AUTODESK EVENT ANALYSIS
Incident Number: #COE-INC113840
Incident Date: December 7, 2024
Summary
Between December 7, 2024 at 11:49 PM PST and December 8, 2024 at 10:37 AM PST, customers using the Autodesk Fusion Home tab ‘search panel’ experienced timeouts or significant latency in search results.
Impacted Services
Root Cause
- After implementation of a planned change to resize Fusion Folders and Files Search cluster for better performance, the cluster started showing very high CPU resource utilization.
- On further analysis, it was discovered that the search process was getting bottlenecked on memory resources, resulting in frequent memory cleanups and very high CPU utilization.

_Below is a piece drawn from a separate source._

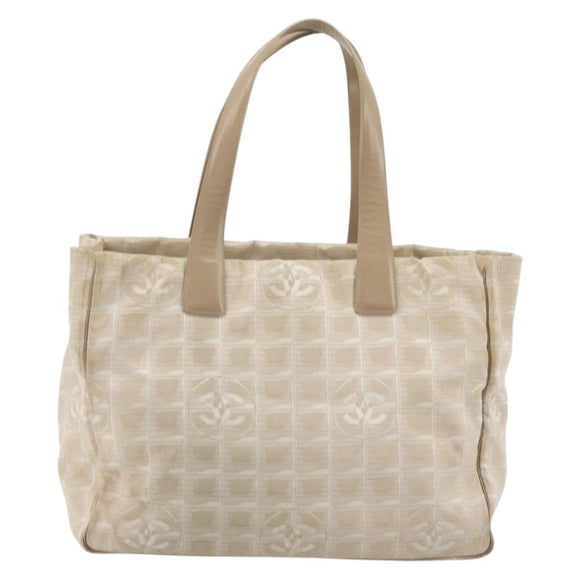 CHANEL New Travel line Hand Bag Nylon Beige Gold CC Auth BA12132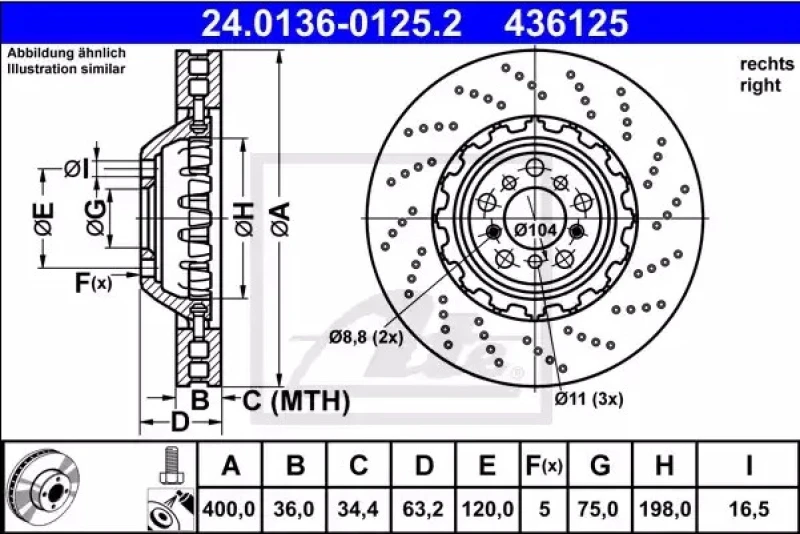 Image of ATE 24.0136-0125.2 Brake disc perforated/vented, Coated, High-carbon, with bolts/screws Brake Disc (82)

- This led to significant resource constraints, causing high latency and timeouts on user-initiated search requests.
Autodesk Actions
Autodesk has completed a post-incident analysis of the event and identified actions to be taken. These include the following:
- Immediate Action:
o Scaled out the Search cluster.
- Short term:
o Enchance monitoring and alerting on the Fusion Folders and Files search cluster for faster detection of issues.
o Improve stakeholder communication about major changes in production environment.
o Keep cloud service provider on standby during high impact changes.
- Long term:
o Simulate cluster scaling exercises in lower environments.
o Engage with cloud service provider for faster scale up/scale out options.
o Stricter review of the deployment procedures including:
-Time to complete the change.
-Backout/rollback plan – documented, reviewed, timed, and tested.
-Post deployment testing and monitoring.
Thank you for your patience and understanding.